Mokri chez Al-Qaradawi au pays d’Erdogan où flotte le drapeau israélien
Toutes les opportunités sont bonnes pour les islamistes algériens quand elles permettent un voyage en Turquie, surtout s’il s’agit, en plus, de réaffirmer leur allégeance à leur «vénérable cheikh» Al-Qaradawi. C’est justement le motif du séjour ce samedi à Istanbul d’Abderrezak Mokri, président du MSP, qui a retrouvé sur place deux de ses rivaux, Abdelmadjid Menasra, ancien vice-président du MSP, et Slimane Chenine, ancien chargé de la communication du même parti.
On sait que Abdelmadjid Menasra, candidat malheureux à la présidence du MSP au congrès de 2008, avait claqué la porte après son échec et s’en est allé fonder sa propre «haraka», appelée le Front du changement, constituée de transfuges du MSP, et Slimane Chenine en a fait de même et a créé Haraket el binaâ el watani, formée également de transfuges du MSP et dont il a revendiqué ouvertement dès le départ la filiation avec les Frères musulmans.
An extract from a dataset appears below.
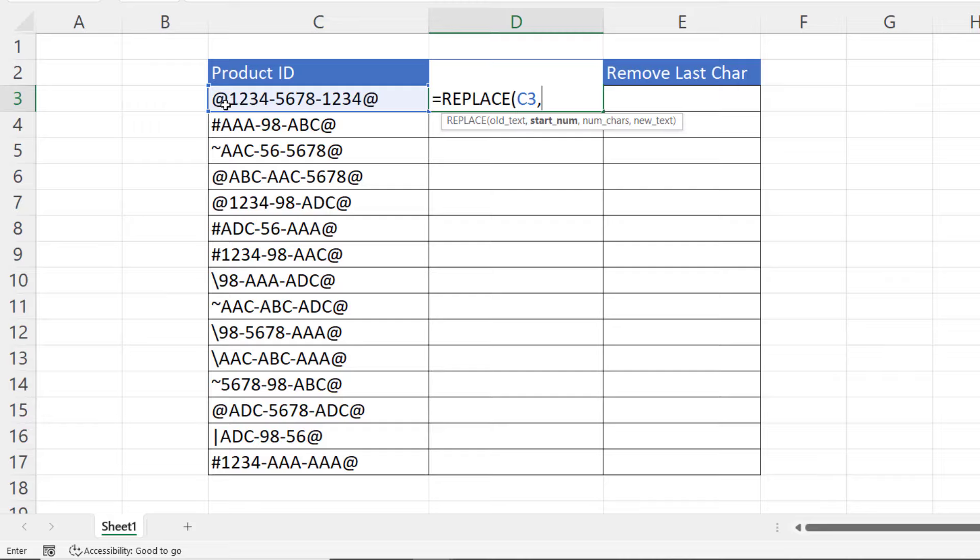Well, we want to replace the first character with nothing. So our start number is one, comma, the number of characters we want to replace. Well, we only want to replace one character. Then the new text is an empty text string.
Chez ces cheikhs, la recherche de la zaâma (leadership) est plus forte que tout et ils préfèrent être chacun à la tête d’un parti que jouer les seconds rôles dans une autre formation islamiste. Mais leur allégeance aux Frères musulmans leur est commune, ce qui explique leur présence ensemble chez Al-Qaradawi à Istanbul, dont ils cautionnent tous trois le discours prononcé à cette occasion, dans lequel il a réitéré son soutien à ceux qu’il appelle «frères», c’est-à-dire les groupes terroristes qui agissent en Syrie, en Irak, en Egypte, au Yémen et en Libye.
Al-Qaradawi, «guide» des Frères musulmans, représente dans chacune de ses démarches la devise qui devrait être portée sur l’étendard de cette confrérie : el harbou khidâa (la guerre est affaire de trahison) et qui justifie à la fois l’hypocrisie et l’opportunisme, en fait l’absence totale d’éthique politique, constatés chez les islamistes en Algérie. Comment comprendre autrement, si on a un minimum de principes, qu’Al-Qaradawi souhaite, en paroles, la victoire des Palestiniens, et que, dans les faits, il choisisse la Turquie pour y fêter son anniversaire et recevoir ses «fidèles» ?
Tout le monde sait que la Turquie d’Erdogan a d’excellentes relations avec Israël. Cela n’empêche pas Mokri de se rendre dans ce pays sur un claquement de doigts d’Erdogan, et de se trouver à l’ombre du drapeau israélien qui flotte dans la capitale turque, alors que le MSP et ses formations rivales prétendent que le seul point qui les unit est le soutien à la «cause palestinienne». Ce qui les unit est plutôt l’allégeance à Al-Qaradawi, devant lequel les divergences qui ont fait éclater le MSP s’estompent.
Il suffit de savoir ce que dit Al-Qaradawi pour connaître la posture de Mokri, à propos des questions du terrorisme, notamment le silence sur les crimes de Daech ou sur les questions de société, comme l’attitude à l’égard des femmes. Al-Qaradawi a écrit que l’homme peut battre sa femme et en donne même le mode d’emploi. Dernièrement, Mokri s’est saisi du dérapage verbal de Mounia Meslem, la ministre de la Solidarité, pour replacer l’idée, bâtie sur des arguments religieux fallacieux, que la femme est un être inférieur et mineure à vie, et qu’elle devrait se contenter de rester à la maison à attendre que son mari apporte ce dont a besoin son foyer.
Oui, l’idéal d’Al-Qaradawi, et pour les islamistes qui le suivent, est que les femmes restent à la maison et s’occupent uniquement des tâches du foyer que leur assignent les hommes et sous leur autorité. On se rappelle comment Mokri et son parti, le MSP, ont bloqué pendant des mois le vote au Conseil de la nation de la loi qui protège les femmes contre les violences de toutes sortes qu’elles subissent au quotidien.
C’est cela le modèle d’Erdogan, l’ami d’Israël et allié du criminel Benyamin Netanyahu, assassin de Palestiniens à Gaza. Et on sait que Mokri est un fervent admirateur et partisan d’Erdogan. Les islamistes ne s’embarrassent pas des contradictions entre leurs paroles et leurs actes. Tout le monde le sait maintenant.